Records from a collection:

┌──

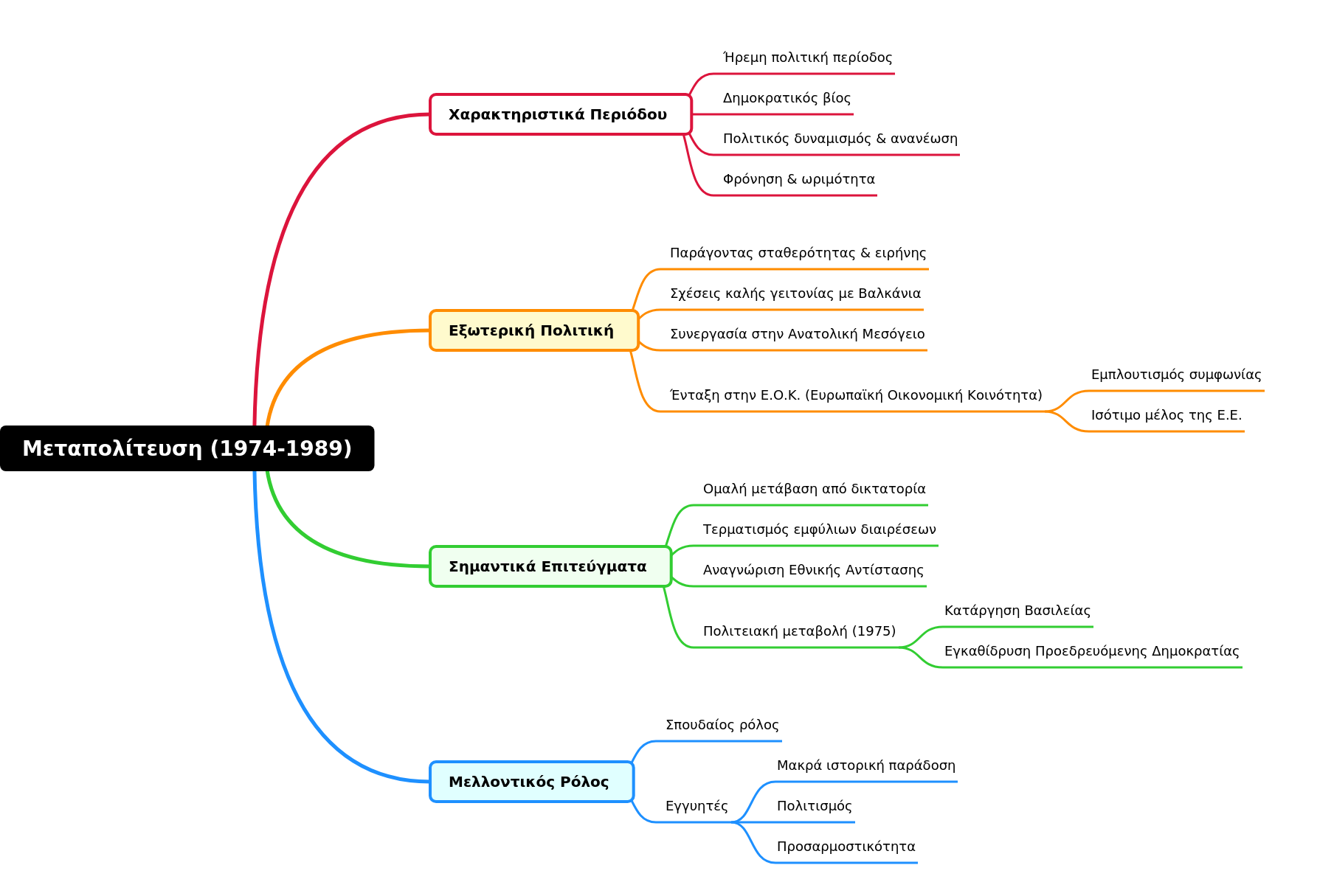 Metapolitefsi: Greece's Democratic Transition (1974-1989)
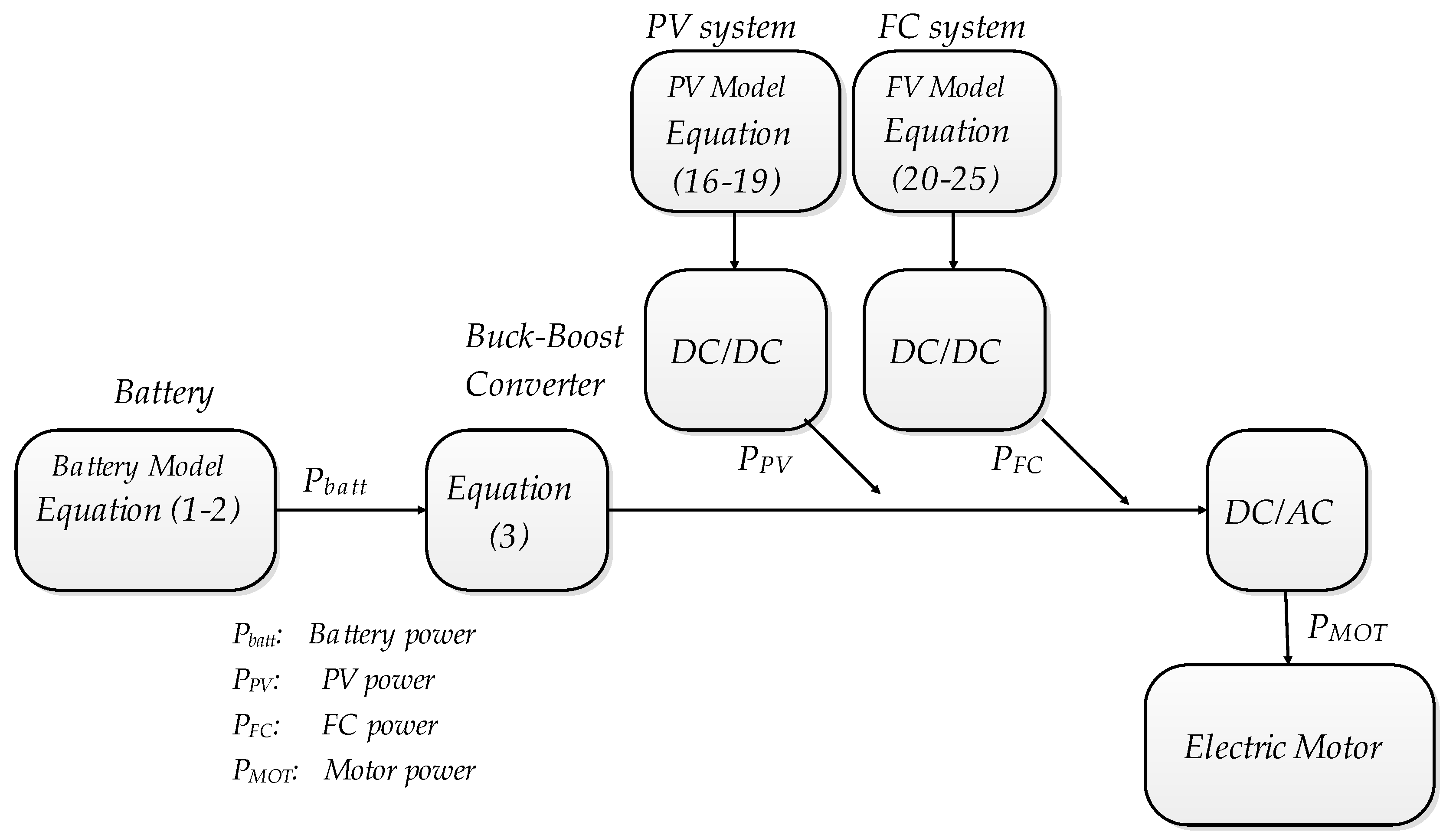 Sustainability 14 02551 g006 Sustainability 14 02551 g006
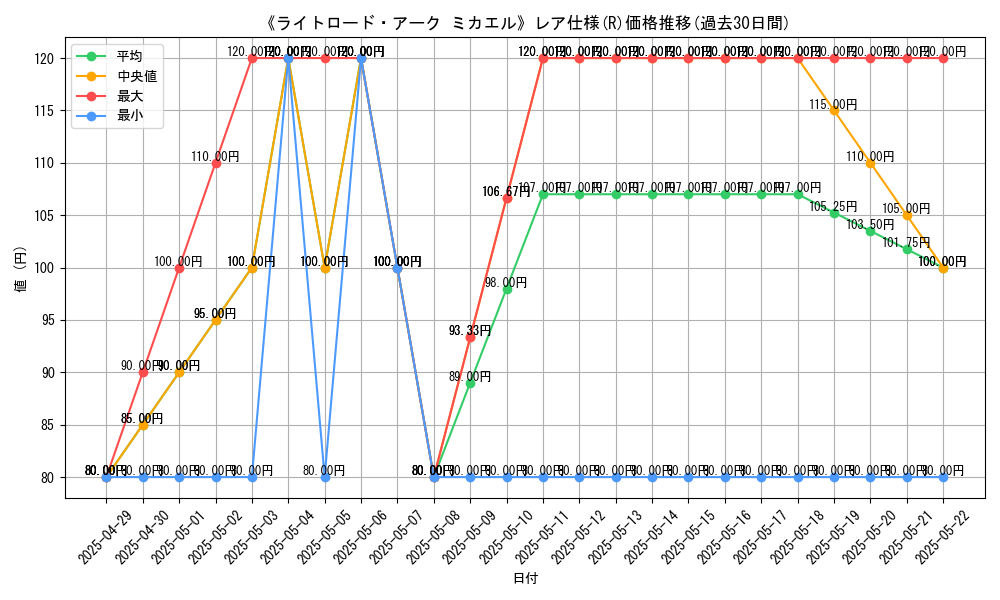 graph_rarity_5848
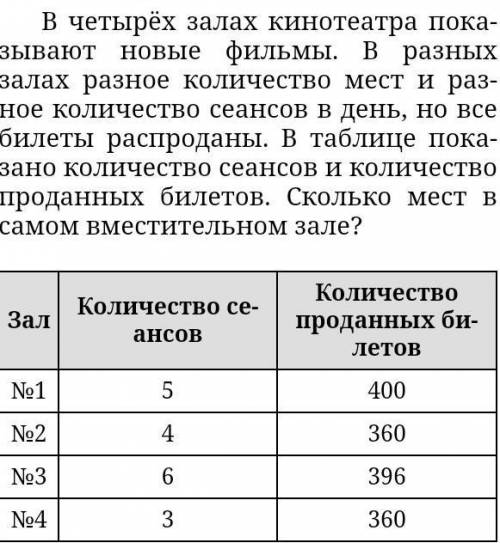 В четырёх залах ки­но­те­ат­ра по­ка­зы­ва­ют новые филь­мы. В раз­ных залах раз­ное ко­ли­че­ство м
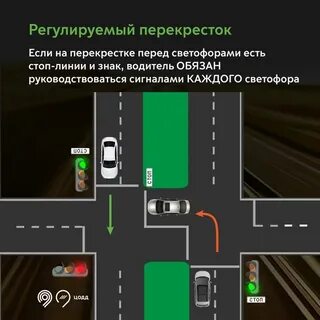 2 регулируемый перекресток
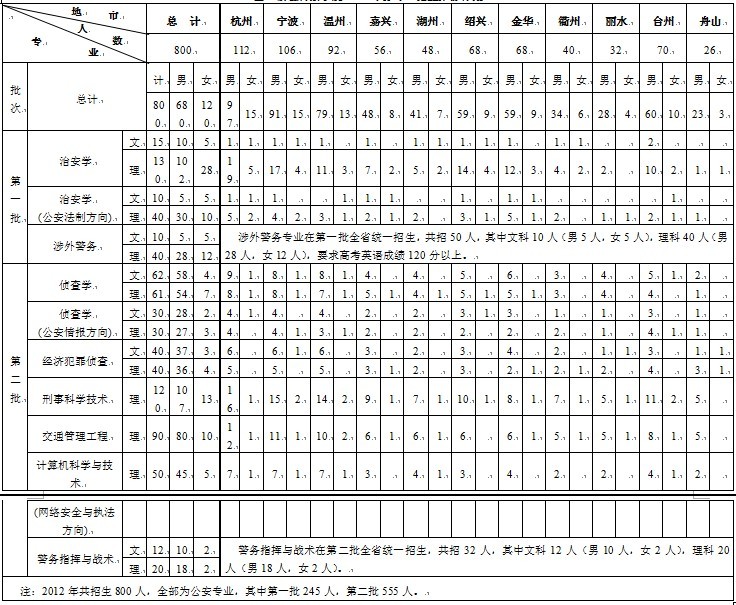 2012年浙江警察學院招生1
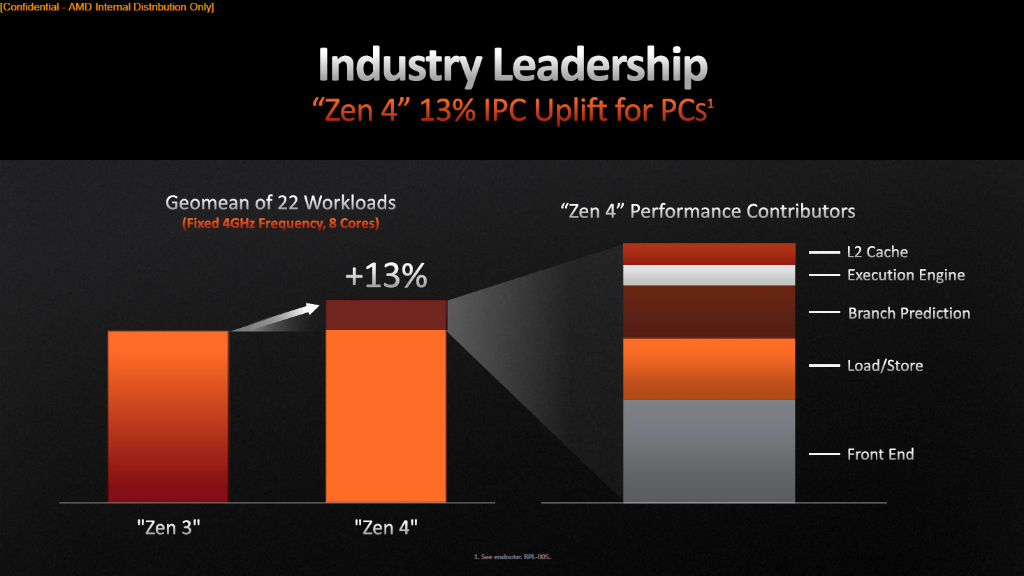 ryzen7000_003_1024x576a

└──

Render the records above word for word and leave the pictures out.

 Metapolitefsi: Greece's Democratic Transition (1974-1989)
 Sustainability 14 02551 g006 Sustainability 14 02551 g006
 graph_rarity_5848
 В четырёх залах ки­но­те­ат­ра по­ка­зы­ва­ют новые филь­мы. В раз­ных залах раз­ное ко­ли­че­ство м
 2 регулируемый перекресток
 2012年浙江警察學院招生1
 ryzen7000_003_1024x576a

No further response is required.